[Recorded data — start]

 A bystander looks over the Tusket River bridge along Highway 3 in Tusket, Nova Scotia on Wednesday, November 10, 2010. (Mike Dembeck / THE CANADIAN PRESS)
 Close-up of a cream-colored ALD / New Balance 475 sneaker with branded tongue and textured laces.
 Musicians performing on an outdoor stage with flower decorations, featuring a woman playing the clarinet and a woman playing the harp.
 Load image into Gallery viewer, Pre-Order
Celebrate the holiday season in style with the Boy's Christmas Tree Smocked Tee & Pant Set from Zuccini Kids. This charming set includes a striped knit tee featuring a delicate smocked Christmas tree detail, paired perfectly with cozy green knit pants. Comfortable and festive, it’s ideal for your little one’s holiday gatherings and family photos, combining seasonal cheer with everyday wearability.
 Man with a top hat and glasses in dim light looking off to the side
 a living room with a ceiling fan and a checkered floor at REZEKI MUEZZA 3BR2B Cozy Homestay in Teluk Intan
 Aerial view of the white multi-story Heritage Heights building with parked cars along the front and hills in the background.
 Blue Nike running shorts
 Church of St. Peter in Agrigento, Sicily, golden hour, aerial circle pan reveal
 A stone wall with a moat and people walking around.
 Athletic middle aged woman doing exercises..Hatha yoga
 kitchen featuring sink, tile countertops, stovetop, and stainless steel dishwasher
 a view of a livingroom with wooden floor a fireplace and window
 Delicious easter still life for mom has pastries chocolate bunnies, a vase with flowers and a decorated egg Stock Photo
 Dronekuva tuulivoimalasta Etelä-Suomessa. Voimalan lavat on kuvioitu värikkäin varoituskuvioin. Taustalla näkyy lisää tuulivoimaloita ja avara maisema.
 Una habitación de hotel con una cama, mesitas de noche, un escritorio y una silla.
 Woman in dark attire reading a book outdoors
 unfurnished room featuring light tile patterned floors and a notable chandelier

[Recorded data — finish]

Exercise: Only the lines from the beginning of the listing through the line containing "Musicians performing on" are wanted, each restated word for word.

Answer space:
 A bystander looks over the Tusket River bridge along Highway 3 in Tusket, Nova Scotia on Wednesday, November 10, 2010. (Mike Dembeck / THE CANADIAN PRESS)
 Close-up of a cream-colored ALD / New Balance 475 sneaker with branded tongue and textured laces.
 Musicians performing on an outdoor stage with flower decorations, featuring a woman playing the clarinet and a woman playing the harp.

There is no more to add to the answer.